Lies my parents told me...

Actually, I had the best parents I can imagine growing up.  They were somewhat overprotective, but once I had children of my own, that made perfect sense.  I never had a doubt that they both loved me and my sister very much.  Looking back, I know there were times they struggled financially, but they always made sure we had so much more than we ever needed, and just about everything we wanted.  I wouldn't have wanted to grow up any differently than I did, and I doubt many adults can honestly say that.

But, don't we all make decisions and have beliefs that differ from our parents?  Of course, that's true for me.  I know I do and believe a lot of things the same or similar to my parents' actions and beliefs, but there are things I've consciously decided I don't believe along the way.  I just called them lies in the blog title to get your attention.
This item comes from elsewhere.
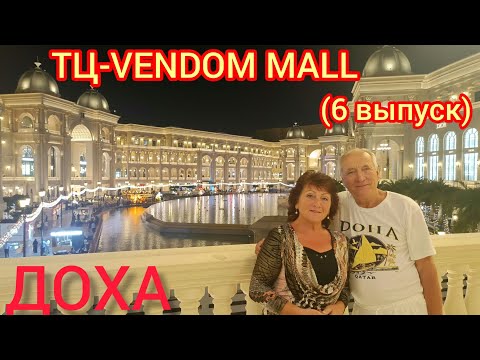 Видео: ДОХА -2024г.🙌Катар.Прогулка по Большому Красивейшему Т.Ц. VENDOM MALL- супер!👍(6 выпуск)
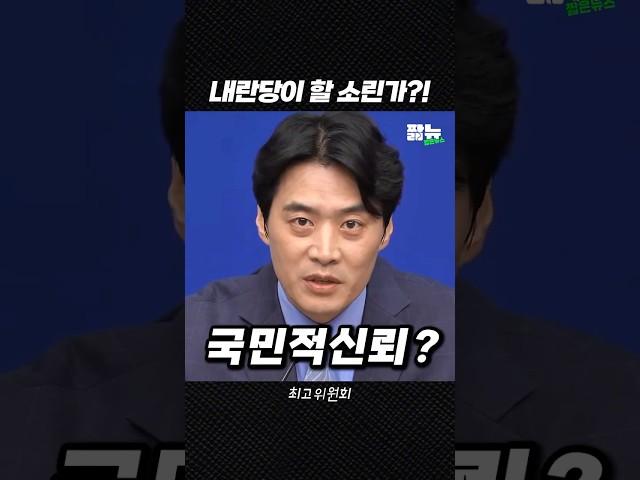 주진우 나이트클럽 운영?! [짧뉴] 한준호 #짧은뉴스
  1. Don't quit something you've committed to.  This is a tough one.  It's mostly right.  Make a commitment, stick to it, and always do your best.  It makes good sense.  But there are times that quitting is perhaps better, and I'd be willing to bet that if you think on this one long enough, you can come up with your own examples.
  2. You will love your children more than your husband.  I've covered this one before.  If I were a better blogger, I'd post the link for you, but alas, you're stuck with me if you've bothered to read this post.  My truth is that I love my children differently than my husband.  It is a completely different type of love.  I don't love him more.  I don't love them more.  I love them differently.  The short version I tell people is this:  If someone were pointing a gun at us, ready to fire, I would jump in front of my children.  I'd be expecting Darrell to do the same, maybe even come up with a better plan.  I wouldn't be protecting him.  But that doesn't mean I don't want him in my life just as much.
  3. At 18, you are an adult.  I distinctly remember a conversation where my parents basically said they'd gotten me this far, but now I was an adult.  Now, they still helped me out so much along the way after that.  And I don't even think they meant the conversation to have the effect on me that it did.  But I was scared.  It seemed to me that they had been too protective while I was growing up, and suddenly I was responsible for my own life.  I think it's safe to say that I let my kids do more and be more independent at a younger age than I did, and it's because of this.  I want to let go of them gradually.  Now, the way this world has changed, they probably are just as overprotected compared to their peers as I was, but I swear, I've tried so hard to open up and let them experience and see things sooner than I did.
  4. If you can sniff, you can blow it.  This one belonged 100% to my dad.  You could not sit at the dinner table and sniff, or he'd send you downstairs to get a tissue.  Which is another pet peeve of mine - we had absolutely no tissues on an entire level of our house growing up.  My mom thought it was uncleanly to have tissues in the kitchen, but also they were suspiciously absent from the entire level of the house, so we had to walk down or upstairs to one of the bathrooms or bedrooms to get a tissue.  The nerve.  But back to the point.  There are times you just cannot blow your nose, but it is running, and sniffing can sometimes help.  But thanks to my dad, I am an obsessive nose blower.  This is why I absolutely must have tissues infused with lotion when I have a cold or even allergy issues.  You should see my poor nose after a few days if I don't!  All your fault, Dad!  But I love you anyway.
I am so incredibly lucky to have only things like this to complain about my parents and my upbringing.  I would bet you have a handful of your own, even if you had a childhood like mine.  And I have no illusions that my children won't have their own complaints.  I only hope that their list will look a little different than mine, and that it will be these kinds of minor things they look back and think about.